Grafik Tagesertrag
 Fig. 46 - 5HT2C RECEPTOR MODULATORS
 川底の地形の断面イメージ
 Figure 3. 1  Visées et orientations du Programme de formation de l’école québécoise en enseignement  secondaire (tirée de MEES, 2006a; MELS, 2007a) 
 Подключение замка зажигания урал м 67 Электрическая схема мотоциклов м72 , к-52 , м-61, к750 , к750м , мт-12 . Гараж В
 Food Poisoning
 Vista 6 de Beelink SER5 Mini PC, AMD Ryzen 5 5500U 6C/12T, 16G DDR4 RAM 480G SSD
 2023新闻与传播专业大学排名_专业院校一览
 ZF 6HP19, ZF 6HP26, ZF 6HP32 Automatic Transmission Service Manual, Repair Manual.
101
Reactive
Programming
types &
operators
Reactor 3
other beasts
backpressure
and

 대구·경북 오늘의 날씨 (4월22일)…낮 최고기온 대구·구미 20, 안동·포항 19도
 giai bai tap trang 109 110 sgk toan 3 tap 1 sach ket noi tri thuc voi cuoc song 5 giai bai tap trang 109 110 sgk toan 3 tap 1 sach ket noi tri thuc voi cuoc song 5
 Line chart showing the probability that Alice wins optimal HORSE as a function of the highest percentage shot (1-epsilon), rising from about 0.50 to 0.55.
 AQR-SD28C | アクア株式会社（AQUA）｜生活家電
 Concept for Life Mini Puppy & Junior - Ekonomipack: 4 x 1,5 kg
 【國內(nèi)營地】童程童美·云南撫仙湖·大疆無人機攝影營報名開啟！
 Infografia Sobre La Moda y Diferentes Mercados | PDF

+-------+

Report every line of the data in which "Mini" appears.

**Answer box**.
 Vista 6 de Beelink SER5 Mini PC, AMD Ryzen 5 5500U 6C/12T, 16G DDR4 RAM 480G SSD
 Concept for Life Mini Puppy & Junior - Ekonomipack: 4 x 1,5 kg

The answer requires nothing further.